The majority of the birds present in Arctic parks in the summer take their leave in the early fall to migrate south. Some of these migrations are epic not only in the distance covered by some very small animals, but in the routes chosen. The Northern Wheatear (Oenanthe oenanthe) nests in the mountains of the Brooks Range. Come fall, this bird, that is slightly smaller than an American Robin (Turdus migratorius), heads west to Russia and then cuts across southwest Asia to eventually end up in sub-Saharan Africa, over 18,000 miles round trip (Bairlein et al. 2012). Not to be outdone, the Bar-tailed Godwit (Limosa lapponica), a medium-sized shore bird that nests in coastal areas of northwestern Alaska, leaves in the fall and begins its southern migration to New Zealand. The route chosen is rather interesting. Instead of playing it safe and flying over land, Bar-tailed Godwits head out over the open ocean. Godwits aren’t built to land and feed on the open water. As a consequence they need to stay in the air until they reach their destination meaning 7,200 miles of flying, eight days in the air, in one push (Gill et al. 2005).

Arctic ground squirrell
Arctic ground squirrel, Yukon-Charley Rivers National Preserve.

NPS photo

Not all animals migrate though. Reducing your metabolic rate to minimize the need for resources is another strategy. Arctic ground squirrels (Spermophilus parryii) are prime examples of this and can spend up to nine months of the year hibernating.
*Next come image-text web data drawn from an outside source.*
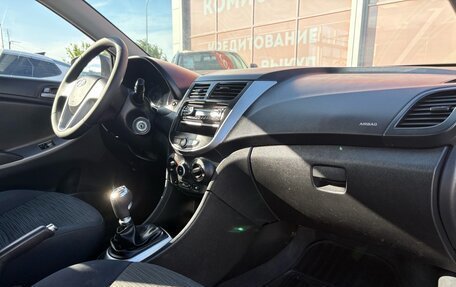 Hyundai Solaris II рестайлинг, 2014 год, 800 000 рублей, 12 фотография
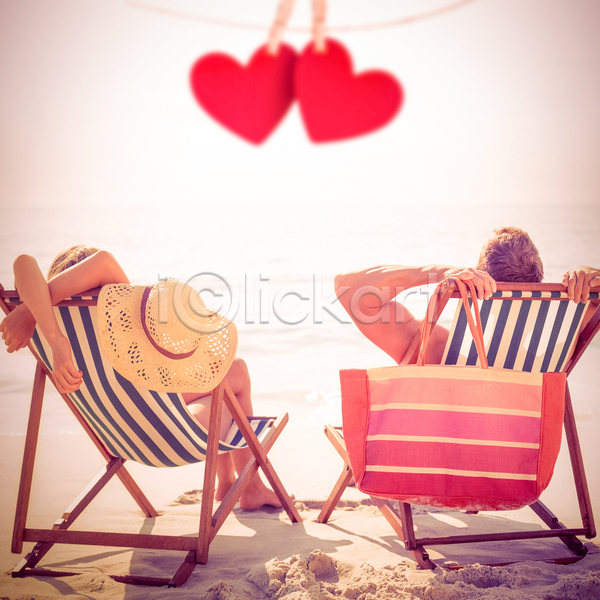따뜻함 사랑 섹시 함께함 20대 남자 두명 백인 여자 청소년 JPG 포토 해외이미지 관계 날씬함 라이프스타일 맑음 매달리기 발렌타인데이 비키니 빨간색 선 앉기 야외의자 여름(계절) 커플 하트 해외202105 햇빛 휴가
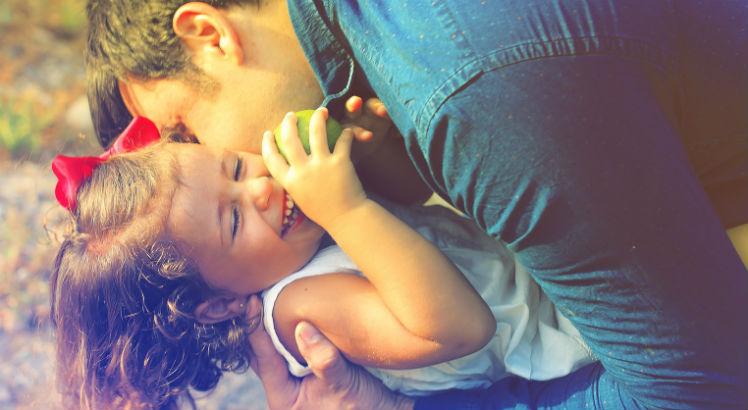 Minicursos abordam importância das relações reais entre pais e filhos, desde a gestação até a adolescência (Foto ilustrativa: Pixabay)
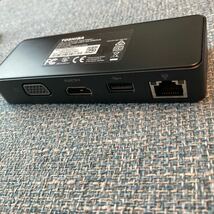 即決　翌日発送　TOSHIBA USB-C to HDMI/VGA Travel Adapter PA5272U-2PRP ポート拡張アダプター_画像3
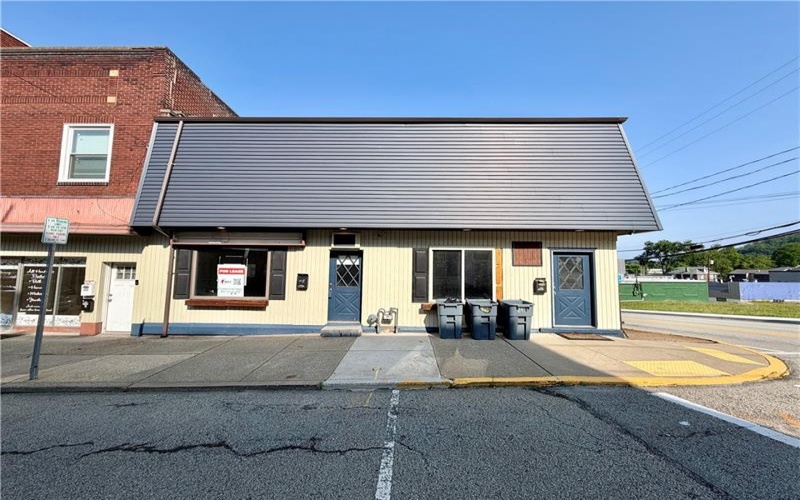 437 Cavitt Avenue, Trafford, 15085, ,Commercial-industrial-business,For Sale,Cavitt Avenue,1763892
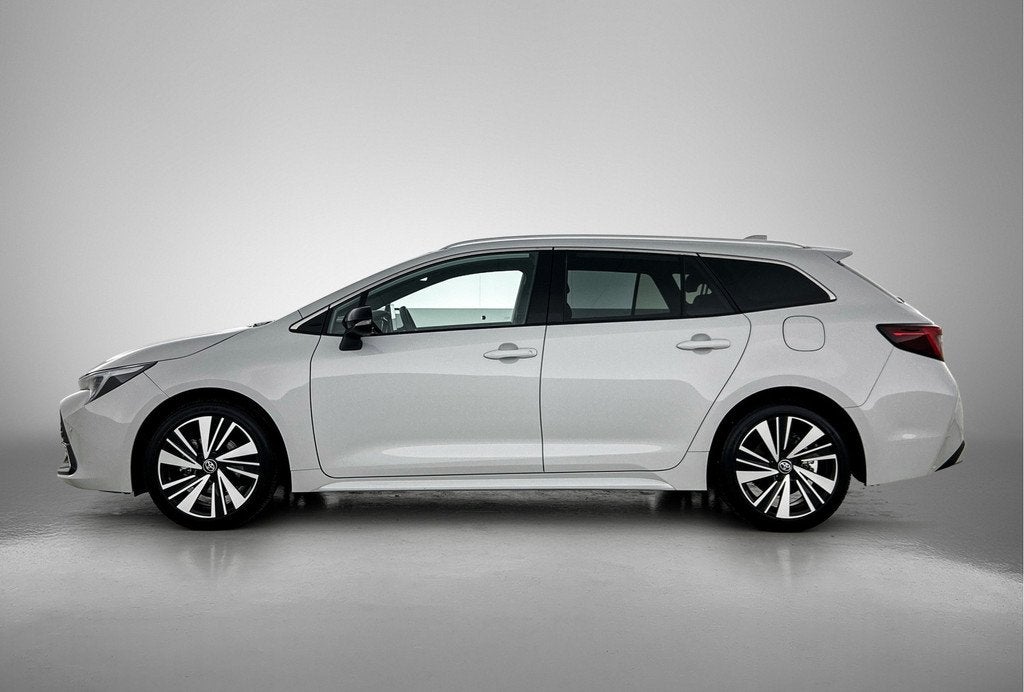 Toyota Corolla Touring Sports Hybrid 140 Dynamic | NL dealer, Auto's, Toyota, 12 maanden, 450 kg, Gebruikt, 4 cilinders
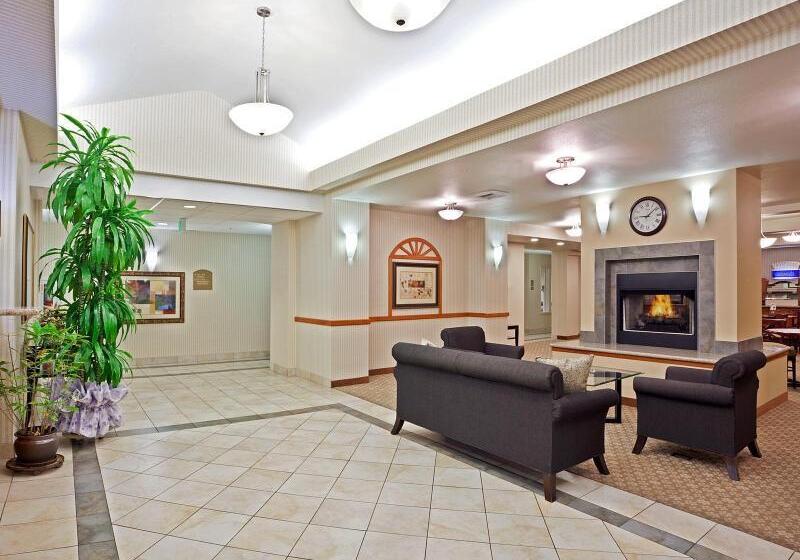 هتل Holiday Inn Express & Suites Lacey   Olympia, An Ihg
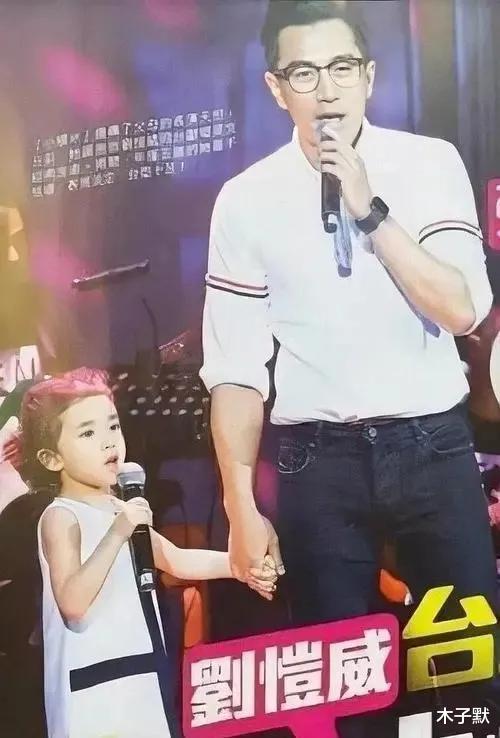 杨幂|杨幂用实力说话，刘恺威和新女友游玩炒作，到底谁是赢家一目了然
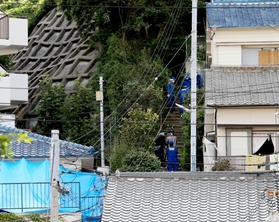 君野康弘容疑者宅（左下）と雑木林を結ぶ階段などを調べる捜査員ら＝２５日午後４時２４分、神戸市長田区長田天神町１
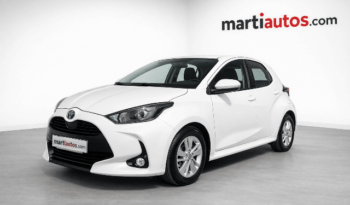 TOYOTA YARIS ACTIVE TECH 1.5 120H HYBRID MODELO 2022 lleno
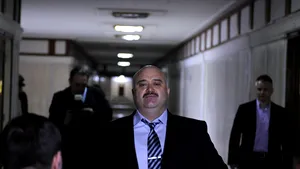 Anchetă la ICCJ după ce un grefier l-a ajutat pe Voicu să intre la proces pe o intrare secundară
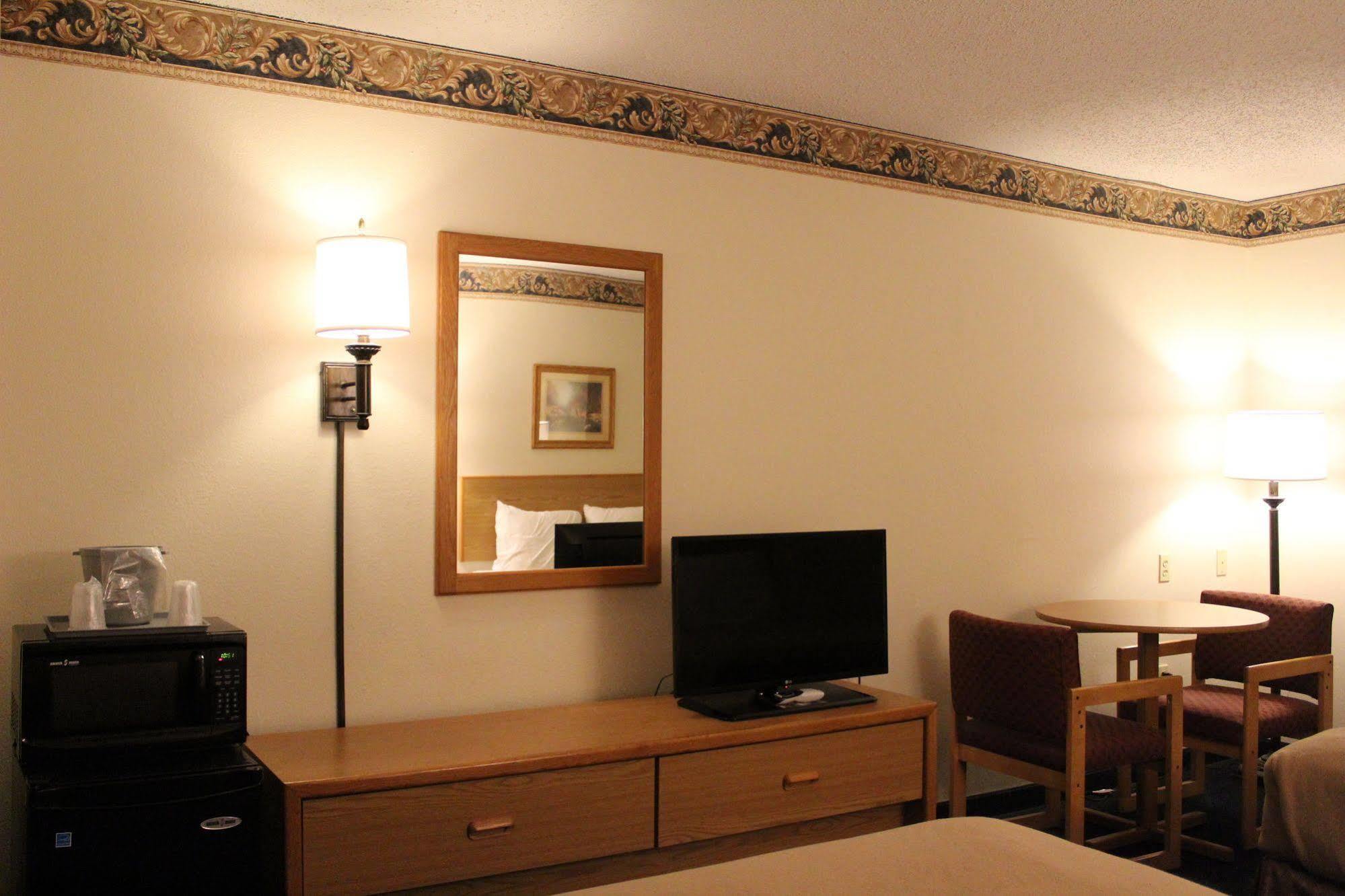 ทราเวลลอดจ์ ฟอร์ต สกอตต์ Hotel Fort Scott ภายนอก รูปภาพ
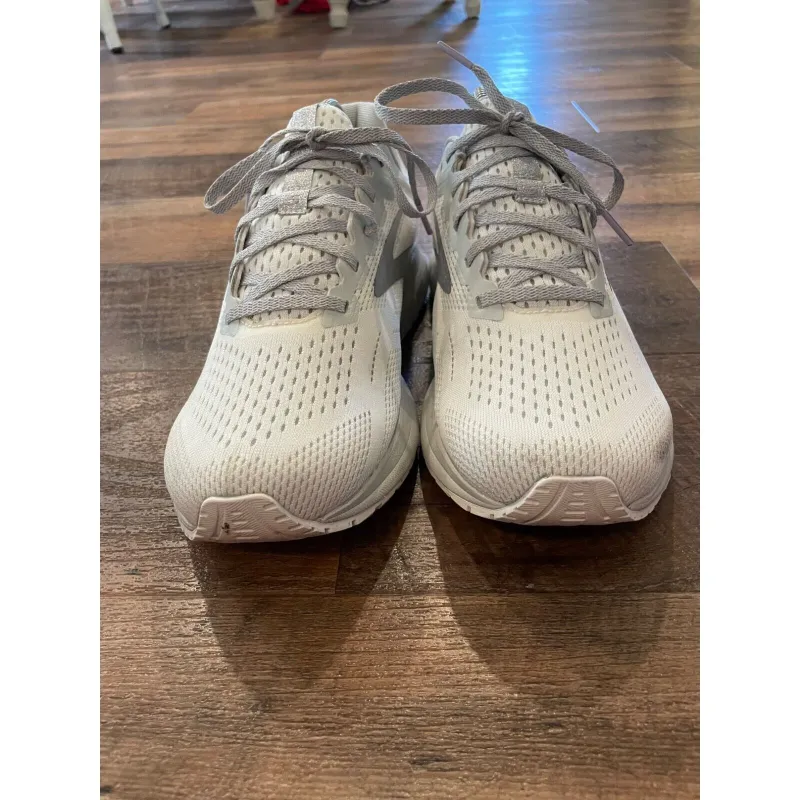 Brooks Women's Anthem 5 'White Silver'-5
Arctic ground squirrels are able to let their body temperature drop below the freezing and allow their brain to cool to just above freezing (Barnes 1989). Reducing metabolism to conserve resources isn’t limited to small- and medium-sized mammals, however. Although they don’t hibernate, muskox (Ovibos moschatus), a large mammal, reduce their metabolic rate by one third in comparison to what it is during the summer (Lawler and White 1997). Common Redpoll (Acanthis flammea), a small bird found in the Arctic and boreal forests, undergo controlled bouts of hypothermia at night to reduce energy expenditure (Reinertsen and Haftorn 1986). All are variations on the theme of energy conservation.

stone cache
Ancient stone cache, Bering Land Bridge National Preserve.

NPS photo

People too have adapted to the arctic environment, but in this case, largely through behaviors—know-how, technology, and social strategies—rather than physiology. People have lived in Arctic Alaska for at least 13,000 years, at the end of the last Ice Age, when the Bering Land Bridge was still intact, and extinct animals like steppe bison (Bison priscus), horses (Equus spp.), tundra lions (Panthera atrox spp.), and mammoth (Mammuthus spp.) traversed the dry, cold, steppe landscape. Some of the earliest-dated archaeological sites in Alaska are found in Noatak National Preserve. The sites are often situated in narrow mountain passes where caribou migrations converged and were easily intercepted by hunters, but also, not incidentally, where some of the planet’s most extensive and high-quality sources of “toolstone” are located. Glassy, sharp-edged rocks like chert are abundant in the Brooks Range and were vital raw materials prehistoric people used to fashion tools needed for hunting weaponry, hide working, and food processing. These prehistoric workshop sites are littered with millions of pieces of flaking debris, the accumulated byproducts from shaping the tools needed for survival over many millennia.

beach ridges
Beach ridges at Cape Krusenstern National Monument.

NPS photo

In no other Arctic park are the archaeological traces of the prehistoric human past as dense and well organized as in Cape Krusenstern National Monument. Congress wisely highlighted the monument’s archaeological record as the primary purpose for designating these lands for conservation in the National Park System. Here thousands of archaeological features—remains of ancient houses, camp sites, and food storage pits—dot the low coastal plain interspersed with ponds and lagoons. But it isn’t the number of sites that is so important here, but rather how they are arrayed on the landscape. More than 100 beach ridges have built up at Cape Krusenstern over the past 4,000 years as ocean currents deposited sand along this stretch of coast and the waves and wind piled it into raised ridges paralleling the shoreline. Over time, new ridges gradually accrued in a seaward direction, and because people have always camped on the ridges nearest the shore, the archaeology written across the succession of ridges can be read like a history book with the earliest chapters farthest inland and the more recent ones near the modern shoreline. In no other locale in the Arctic is there a richer and more complete picture of prehistoric Arctic cultural developments. Sites at Cape Krusenstern document evolving techniques of seal, walrus, and whale hunting, and numerous technological innovations that allowed people to survive and thrive in the Arctic—warm houses with cold-trap entrance tunnels, skin boats, toggling harpoons, oil lamps, dog sleds, pottery vessels, and the ulu. Today archaeologists are scrambling to understand how coastal erosion and thawing permafrost threaten to erase the irreplaceable pages of prehistory, and plan ways to save the most significant sites.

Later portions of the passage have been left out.